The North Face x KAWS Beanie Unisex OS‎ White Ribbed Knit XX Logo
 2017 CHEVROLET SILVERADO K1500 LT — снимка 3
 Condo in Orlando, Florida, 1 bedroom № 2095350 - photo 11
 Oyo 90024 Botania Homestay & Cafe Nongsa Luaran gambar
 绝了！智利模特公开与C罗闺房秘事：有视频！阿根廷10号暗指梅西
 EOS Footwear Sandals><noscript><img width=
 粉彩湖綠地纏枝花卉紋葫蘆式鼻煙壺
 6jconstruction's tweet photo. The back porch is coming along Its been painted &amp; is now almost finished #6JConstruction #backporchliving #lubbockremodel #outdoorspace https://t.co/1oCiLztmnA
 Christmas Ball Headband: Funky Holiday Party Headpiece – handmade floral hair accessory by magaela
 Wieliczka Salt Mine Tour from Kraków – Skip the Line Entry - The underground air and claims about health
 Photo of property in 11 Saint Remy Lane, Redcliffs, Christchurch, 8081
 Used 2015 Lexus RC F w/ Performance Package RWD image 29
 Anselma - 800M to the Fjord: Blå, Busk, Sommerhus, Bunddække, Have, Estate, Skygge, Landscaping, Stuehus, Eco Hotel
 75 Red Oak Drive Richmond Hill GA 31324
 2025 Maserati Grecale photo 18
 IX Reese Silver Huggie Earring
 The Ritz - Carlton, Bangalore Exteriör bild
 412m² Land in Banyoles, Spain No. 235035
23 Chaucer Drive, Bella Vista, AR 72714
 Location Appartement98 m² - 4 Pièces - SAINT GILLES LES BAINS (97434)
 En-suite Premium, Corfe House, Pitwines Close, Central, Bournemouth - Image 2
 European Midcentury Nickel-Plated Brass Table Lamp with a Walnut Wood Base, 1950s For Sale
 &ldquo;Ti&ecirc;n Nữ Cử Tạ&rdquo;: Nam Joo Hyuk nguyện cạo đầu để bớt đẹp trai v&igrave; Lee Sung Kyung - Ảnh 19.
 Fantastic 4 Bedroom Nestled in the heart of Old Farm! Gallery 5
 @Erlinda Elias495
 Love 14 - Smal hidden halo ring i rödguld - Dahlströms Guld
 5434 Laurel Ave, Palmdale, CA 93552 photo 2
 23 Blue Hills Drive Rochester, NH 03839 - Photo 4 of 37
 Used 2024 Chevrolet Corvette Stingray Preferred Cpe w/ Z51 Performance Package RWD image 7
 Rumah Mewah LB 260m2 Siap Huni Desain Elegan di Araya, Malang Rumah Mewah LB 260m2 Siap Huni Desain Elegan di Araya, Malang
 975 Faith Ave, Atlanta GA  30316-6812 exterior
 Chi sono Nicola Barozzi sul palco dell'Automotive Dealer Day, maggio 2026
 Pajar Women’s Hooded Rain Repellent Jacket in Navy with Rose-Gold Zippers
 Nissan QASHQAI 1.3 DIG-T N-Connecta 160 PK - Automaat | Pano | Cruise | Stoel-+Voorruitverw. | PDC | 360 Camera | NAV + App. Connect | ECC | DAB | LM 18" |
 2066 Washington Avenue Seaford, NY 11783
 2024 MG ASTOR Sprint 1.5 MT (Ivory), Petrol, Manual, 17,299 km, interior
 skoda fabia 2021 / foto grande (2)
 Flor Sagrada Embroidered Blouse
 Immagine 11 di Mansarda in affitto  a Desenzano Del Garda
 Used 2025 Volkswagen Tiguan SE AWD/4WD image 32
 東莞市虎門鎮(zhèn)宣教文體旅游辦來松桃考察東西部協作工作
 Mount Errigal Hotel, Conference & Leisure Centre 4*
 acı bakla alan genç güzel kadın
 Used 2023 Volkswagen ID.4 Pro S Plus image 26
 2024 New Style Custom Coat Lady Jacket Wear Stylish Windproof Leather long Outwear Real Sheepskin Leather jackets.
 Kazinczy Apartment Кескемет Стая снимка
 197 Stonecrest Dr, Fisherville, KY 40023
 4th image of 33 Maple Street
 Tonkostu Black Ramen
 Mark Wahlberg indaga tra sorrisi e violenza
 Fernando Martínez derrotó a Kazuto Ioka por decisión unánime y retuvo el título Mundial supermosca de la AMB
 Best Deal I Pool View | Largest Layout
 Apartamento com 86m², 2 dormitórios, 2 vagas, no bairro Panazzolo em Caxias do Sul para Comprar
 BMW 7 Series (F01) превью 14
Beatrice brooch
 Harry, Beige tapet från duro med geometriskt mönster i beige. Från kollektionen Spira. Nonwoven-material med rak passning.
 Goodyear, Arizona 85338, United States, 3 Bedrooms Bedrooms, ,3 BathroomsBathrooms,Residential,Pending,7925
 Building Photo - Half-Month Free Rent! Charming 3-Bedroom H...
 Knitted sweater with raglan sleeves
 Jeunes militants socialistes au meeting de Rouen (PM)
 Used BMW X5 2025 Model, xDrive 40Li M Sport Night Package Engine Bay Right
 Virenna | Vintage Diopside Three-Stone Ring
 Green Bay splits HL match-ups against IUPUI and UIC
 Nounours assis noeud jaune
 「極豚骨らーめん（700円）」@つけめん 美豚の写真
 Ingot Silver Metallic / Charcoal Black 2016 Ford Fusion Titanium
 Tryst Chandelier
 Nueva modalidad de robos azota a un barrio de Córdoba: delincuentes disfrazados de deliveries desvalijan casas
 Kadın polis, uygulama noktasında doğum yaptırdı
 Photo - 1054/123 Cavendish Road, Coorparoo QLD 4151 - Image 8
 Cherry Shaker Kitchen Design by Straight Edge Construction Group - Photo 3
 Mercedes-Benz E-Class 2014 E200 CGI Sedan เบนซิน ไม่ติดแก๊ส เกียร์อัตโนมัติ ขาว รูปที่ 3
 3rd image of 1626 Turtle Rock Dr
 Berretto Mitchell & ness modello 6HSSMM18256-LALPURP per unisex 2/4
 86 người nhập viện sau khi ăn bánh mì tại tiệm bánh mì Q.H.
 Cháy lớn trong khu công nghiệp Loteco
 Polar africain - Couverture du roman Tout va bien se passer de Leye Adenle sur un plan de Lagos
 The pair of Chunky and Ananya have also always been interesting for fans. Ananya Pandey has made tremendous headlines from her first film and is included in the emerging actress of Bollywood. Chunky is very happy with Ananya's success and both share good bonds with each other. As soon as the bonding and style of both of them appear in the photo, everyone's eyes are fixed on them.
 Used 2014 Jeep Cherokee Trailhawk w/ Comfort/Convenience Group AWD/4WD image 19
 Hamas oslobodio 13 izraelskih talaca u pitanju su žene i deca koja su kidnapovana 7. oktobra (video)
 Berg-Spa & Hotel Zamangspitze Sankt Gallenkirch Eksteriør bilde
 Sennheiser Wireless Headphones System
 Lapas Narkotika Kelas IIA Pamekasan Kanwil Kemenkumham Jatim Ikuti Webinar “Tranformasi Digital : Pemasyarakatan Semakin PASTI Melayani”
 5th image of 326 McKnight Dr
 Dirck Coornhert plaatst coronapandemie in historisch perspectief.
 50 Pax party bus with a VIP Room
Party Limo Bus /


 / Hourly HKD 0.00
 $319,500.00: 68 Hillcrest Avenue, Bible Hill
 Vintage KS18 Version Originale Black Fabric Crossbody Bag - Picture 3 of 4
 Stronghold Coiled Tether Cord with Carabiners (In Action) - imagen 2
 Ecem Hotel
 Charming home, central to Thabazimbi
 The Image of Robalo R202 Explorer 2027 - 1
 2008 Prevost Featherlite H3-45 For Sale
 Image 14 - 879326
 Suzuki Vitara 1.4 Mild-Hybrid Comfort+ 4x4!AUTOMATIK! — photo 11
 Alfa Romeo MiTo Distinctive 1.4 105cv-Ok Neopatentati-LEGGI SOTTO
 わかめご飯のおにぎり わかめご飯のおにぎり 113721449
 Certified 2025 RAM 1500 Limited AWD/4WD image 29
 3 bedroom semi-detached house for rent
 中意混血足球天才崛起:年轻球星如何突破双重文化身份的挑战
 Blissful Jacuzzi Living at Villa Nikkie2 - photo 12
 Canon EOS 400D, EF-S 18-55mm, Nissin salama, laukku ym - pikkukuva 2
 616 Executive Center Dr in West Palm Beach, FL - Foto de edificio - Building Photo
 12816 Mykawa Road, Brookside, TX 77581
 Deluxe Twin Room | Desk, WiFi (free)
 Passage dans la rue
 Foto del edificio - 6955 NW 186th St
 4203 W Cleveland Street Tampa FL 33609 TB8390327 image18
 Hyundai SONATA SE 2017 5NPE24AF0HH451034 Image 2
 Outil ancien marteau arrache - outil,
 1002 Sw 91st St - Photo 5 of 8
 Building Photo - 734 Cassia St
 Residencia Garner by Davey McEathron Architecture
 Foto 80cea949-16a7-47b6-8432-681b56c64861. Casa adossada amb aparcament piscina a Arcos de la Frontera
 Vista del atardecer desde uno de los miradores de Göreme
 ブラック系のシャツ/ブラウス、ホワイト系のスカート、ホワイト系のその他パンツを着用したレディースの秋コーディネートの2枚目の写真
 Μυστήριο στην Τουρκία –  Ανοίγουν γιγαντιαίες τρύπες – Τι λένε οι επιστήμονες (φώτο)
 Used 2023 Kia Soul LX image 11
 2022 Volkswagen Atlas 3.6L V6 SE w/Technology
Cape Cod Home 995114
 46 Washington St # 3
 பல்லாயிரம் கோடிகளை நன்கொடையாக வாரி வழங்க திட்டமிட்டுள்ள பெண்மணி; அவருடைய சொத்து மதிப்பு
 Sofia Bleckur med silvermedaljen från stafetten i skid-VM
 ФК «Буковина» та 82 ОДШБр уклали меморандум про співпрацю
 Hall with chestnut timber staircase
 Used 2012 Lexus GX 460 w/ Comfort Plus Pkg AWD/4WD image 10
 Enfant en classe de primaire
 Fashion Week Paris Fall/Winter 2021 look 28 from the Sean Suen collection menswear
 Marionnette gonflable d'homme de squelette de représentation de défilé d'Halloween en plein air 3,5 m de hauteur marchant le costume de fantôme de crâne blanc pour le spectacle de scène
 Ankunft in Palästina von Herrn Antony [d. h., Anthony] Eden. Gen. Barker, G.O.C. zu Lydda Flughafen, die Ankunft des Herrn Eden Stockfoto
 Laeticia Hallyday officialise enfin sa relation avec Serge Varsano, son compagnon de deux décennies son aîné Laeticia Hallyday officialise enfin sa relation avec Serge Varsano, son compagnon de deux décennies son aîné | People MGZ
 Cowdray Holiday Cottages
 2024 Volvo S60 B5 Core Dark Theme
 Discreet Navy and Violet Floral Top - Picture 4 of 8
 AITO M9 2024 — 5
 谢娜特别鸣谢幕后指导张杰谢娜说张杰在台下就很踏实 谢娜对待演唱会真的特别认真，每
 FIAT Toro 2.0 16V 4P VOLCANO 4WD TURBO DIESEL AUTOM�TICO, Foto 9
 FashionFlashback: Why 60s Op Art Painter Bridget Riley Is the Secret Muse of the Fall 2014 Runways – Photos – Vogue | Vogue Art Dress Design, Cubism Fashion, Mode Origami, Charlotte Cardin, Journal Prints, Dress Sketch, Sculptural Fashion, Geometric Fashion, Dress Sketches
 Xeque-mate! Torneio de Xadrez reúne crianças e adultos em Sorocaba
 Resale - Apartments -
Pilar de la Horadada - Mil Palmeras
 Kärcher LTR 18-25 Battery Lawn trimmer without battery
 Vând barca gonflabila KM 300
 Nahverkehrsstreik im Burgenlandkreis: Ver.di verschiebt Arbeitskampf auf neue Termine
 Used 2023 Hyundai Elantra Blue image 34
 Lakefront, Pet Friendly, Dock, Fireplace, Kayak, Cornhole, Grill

• • • • •

## DIRECTIONS
Out of the data above, set down the lines from the one with "わかめご飯のおにぎり わかめご飯のおにぎり 113721449" to the one with "Enfant en classe de primaire", both included, exactly as written and with no additions.

## ANSWER SECTION
 わかめご飯のおにぎり わかめご飯のおにぎり 113721449
 Certified 2025 RAM 1500 Limited AWD/4WD image 29
 3 bedroom semi-detached house for rent
 中意混血足球天才崛起:年轻球星如何突破双重文化身份的挑战
 Blissful Jacuzzi Living at Villa Nikkie2 - photo 12
 Canon EOS 400D, EF-S 18-55mm, Nissin salama, laukku ym - pikkukuva 2
 616 Executive Center Dr in West Palm Beach, FL - Foto de edificio - Building Photo
 12816 Mykawa Road, Brookside, TX 77581
 Deluxe Twin Room | Desk, WiFi (free)
 Passage dans la rue
 Foto del edificio - 6955 NW 186th St
 4203 W Cleveland Street Tampa FL 33609 TB8390327 image18
 Hyundai SONATA SE 2017 5NPE24AF0HH451034 Image 2
 Outil ancien marteau arrache - outil,
 1002 Sw 91st St - Photo 5 of 8
 Building Photo - 734 Cassia St
 Residencia Garner by Davey McEathron Architecture
 Foto 80cea949-16a7-47b6-8432-681b56c64861. Casa adossada amb aparcament piscina a Arcos de la Frontera
 Vista del atardecer desde uno de los miradores de Göreme
 ブラック系のシャツ/ブラウス、ホワイト系のスカート、ホワイト系のその他パンツを着用したレディースの秋コーディネートの2枚目の写真
 Μυστήριο στην Τουρκία –  Ανοίγουν γιγαντιαίες τρύπες – Τι λένε οι επιστήμονες (φώτο)
 Used 2023 Kia Soul LX image 11
 2022 Volkswagen Atlas 3.6L V6 SE w/Technology
Cape Cod Home 995114
 46 Washington St # 3
 பல்லாயிரம் கோடிகளை நன்கொடையாக வாரி வழங்க திட்டமிட்டுள்ள பெண்மணி; அவருடைய சொத்து மதிப்பு
 Sofia Bleckur med silvermedaljen från stafetten i skid-VM
 ФК «Буковина» та 82 ОДШБр уклали меморандум про співпрацю
 Hall with chestnut timber staircase
 Used 2012 Lexus GX 460 w/ Comfort Plus Pkg AWD/4WD image 10
 Enfant en classe de primaire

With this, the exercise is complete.